Epoxy resin (EP), as a high-performance thermoset synthetic polymer resin, possesses prominent advantages such as a low shrinkage rate, high adhesive strength, corrosion resistance, strong dielectric properties, environmental stability, relatively low cost, etc., and has been used in the design of intricate structural parts employed in aerospace and automobile components and electrical insulation.^1,2 In actual applications, higher requirements have been proposed for polymer materials that took the place of wood and steel. However, its high brittleness, low toughness and resistance to thermal shock, and poor friction and wear properties have restricted the development of EP in applications, especially in anti-friction and high-frequency vibrating parts in machinery. Therefore, it is a difficult problem to increase the toughness and enhance the creep resistance and anti-friction properties of EP by physical or chemical methods.
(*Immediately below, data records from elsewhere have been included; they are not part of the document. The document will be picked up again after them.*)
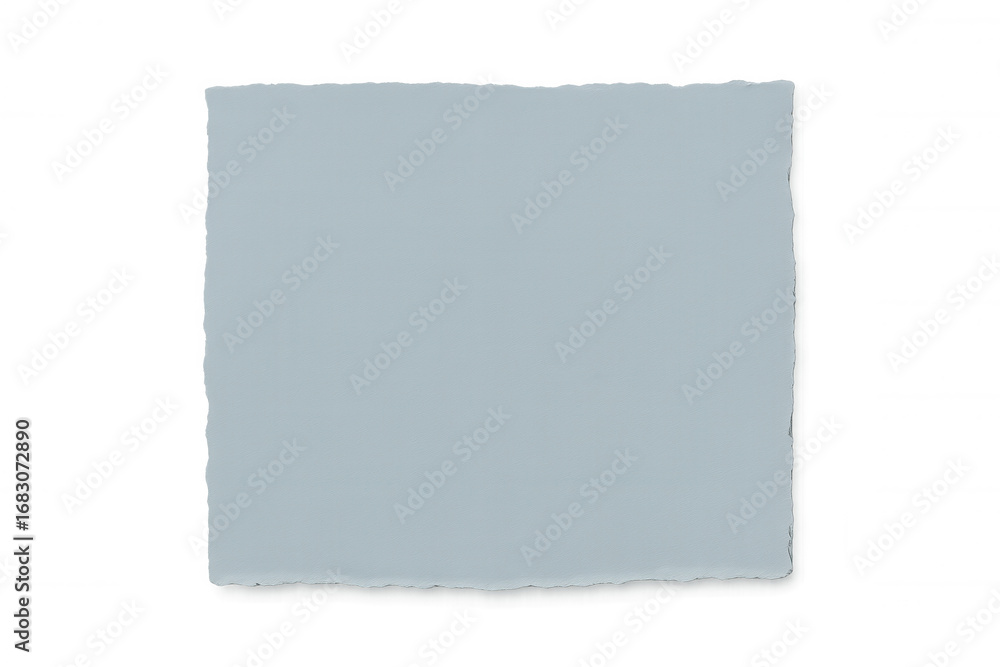 Poster light blue rectangular paper fragment ripping along rough edges, providing textured transparent over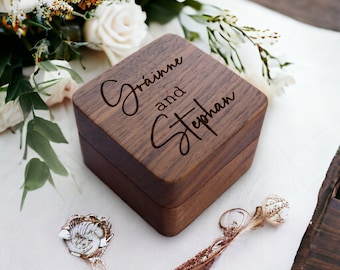 Caja de anillo de madera personalizada, caja de anillo de compromiso redonda, caja portadora de anillo único, caja de anillo personalizada, caja de anillo de boda, propuesta de caja de anillo -RB008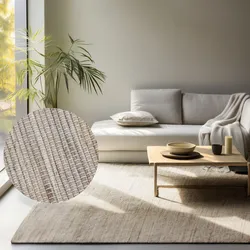 Teppich HANSE HOME "Dhaka Juteteppich", grau (grau,braun), B:190cm H:5mm L:280cm, Jute, Teppiche, Teppich, Läufer, handgewebt, Jute, Wolle, Natur, Wohnzimmer, Flur, Klassisch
Currently, the improvement of polymer performance via adding fillers to synthesize polymer-matrix composites has become a research focus.³ Taking into consideration the excellent properties of inorganic nanomaterials, they are widely used as fillers to improve the properties of polymers. Mayoral et al. synthesized graphene nanoplatelet (GNP)/polyamide 6 composites by melt processing, which displayed a 420% increase in Young's modulus at a 20 wt% loading of nanofiller.⁴ Chemical oxidative polymerization has been employed to synthesize magnetite/SPAN conductive polymer-based nanocomposites, which have satisfactory conductivity.^5,6 Choi et al. employed a sol–gel method to prepare graphene (FGS)/waterborne polyurethane nanocomposites, in which the finer dispersion of FGS improved the conductivity and thermal resistance of polyurethane and acted as a reinforcing filler to increase the tensile strength and modulus.⁷ Ultrasonic irradiation polymerization was employed to synthesize nano-SiO₂/poly(3-aminophenylboronic acid) (PAPBA) composites with a core–shell morphology, which exhibited a high conductivity of 0.2 S cm⁻¹.⁸ In addition, microemulsion polymerization is also a vital way of preparing organic–inorganic nanocomposites. Reddy et al.⁹ reported that microemulsion polymerization was employed to coat MWCNTs with polyaniline (PANI) nanospheres and proved that a MWCNTs/PANI nanocomposite without a surfactant had higher conductivity than a composite synthesized by in situ chemical polymerization. Besides, utilizing in situ chemical oxidative graft polymerization,¹⁰ a hybrid MWCNTs-f-PANI-noble metal nanocomposite was synthesized and displayed significantly higher conductivity than those of CNTs-f-PANI and pure PANI.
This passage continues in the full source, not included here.